Would you transcribe exactly the lines from the beginning of the records below through the line with "Our webinar today", both included, omitting the pictures?

· · ·

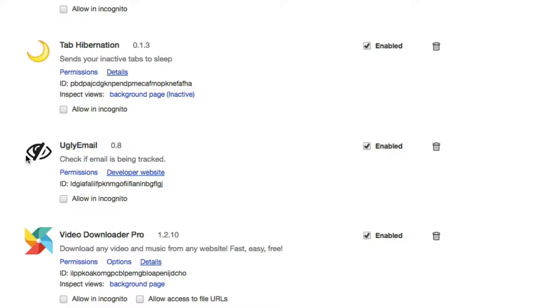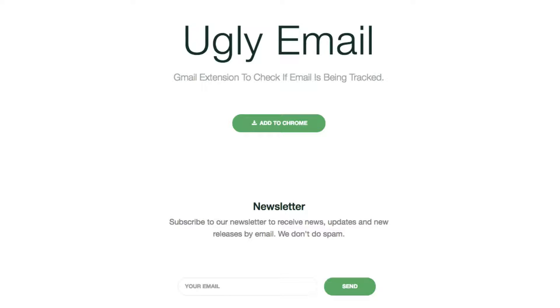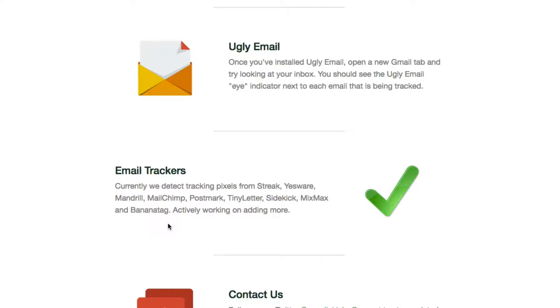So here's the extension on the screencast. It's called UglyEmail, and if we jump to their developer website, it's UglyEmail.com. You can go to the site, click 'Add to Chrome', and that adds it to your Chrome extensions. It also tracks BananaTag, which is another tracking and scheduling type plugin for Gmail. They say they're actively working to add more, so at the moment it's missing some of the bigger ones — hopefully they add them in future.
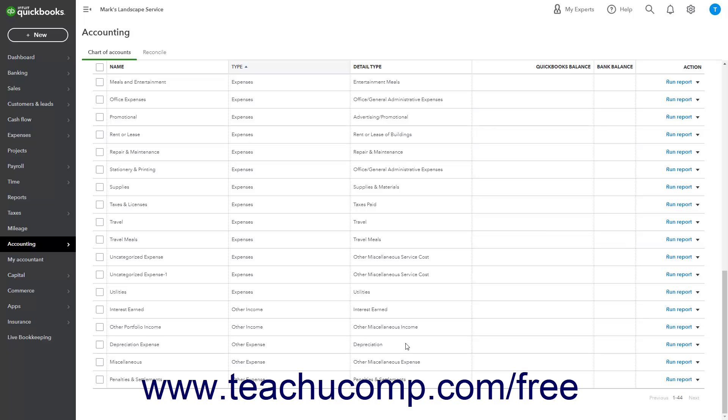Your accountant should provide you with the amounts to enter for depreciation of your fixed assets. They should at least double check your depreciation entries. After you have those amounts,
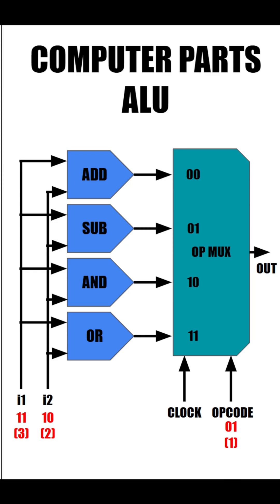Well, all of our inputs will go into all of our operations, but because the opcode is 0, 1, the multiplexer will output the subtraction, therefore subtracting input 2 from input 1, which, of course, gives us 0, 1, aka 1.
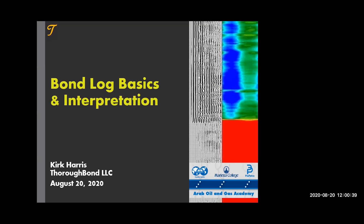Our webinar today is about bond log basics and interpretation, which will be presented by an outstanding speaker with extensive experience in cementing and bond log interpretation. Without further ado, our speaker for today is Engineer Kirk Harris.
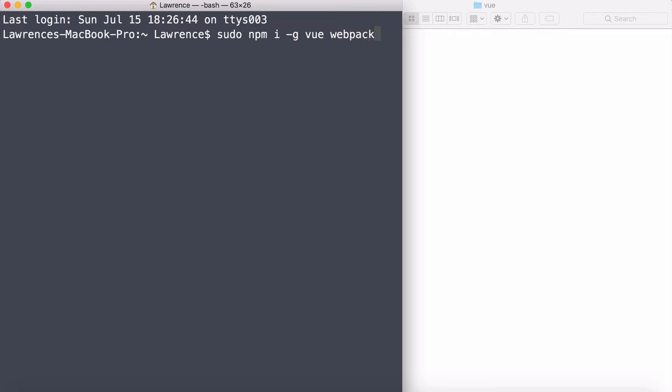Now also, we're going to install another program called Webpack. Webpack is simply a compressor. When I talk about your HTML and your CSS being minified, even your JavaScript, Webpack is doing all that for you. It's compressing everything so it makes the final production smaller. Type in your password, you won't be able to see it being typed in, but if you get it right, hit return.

· · ·

* _WRITTEN SOLUTION_:
So here's the extension on the screencast. It's called UglyEmail, and if we jump to their developer website, it's UglyEmail.com. You can go to the site, click 'Add to Chrome', and that adds it to your Chrome extensions. It also tracks BananaTag, which is another tracking and scheduling type plugin for Gmail. They say they're actively working to add more, so at the moment it's missing some of the bigger ones — hopefully they add them in future.
Your accountant should provide you with the amounts to enter for depreciation of your fixed assets. They should at least double check your depreciation entries. After you have those amounts,
Well, all of our inputs will go into all of our operations, but because the opcode is 0, 1, the multiplexer will output the subtraction, therefore subtracting input 2 from input 1, which, of course, gives us 0, 1, aka 1.
Our webinar today is about bond log basics and interpretation, which will be presented by an outstanding speaker with extensive experience in cementing and bond log interpretation. Without further ado, our speaker for today is Engineer Kirk Harris.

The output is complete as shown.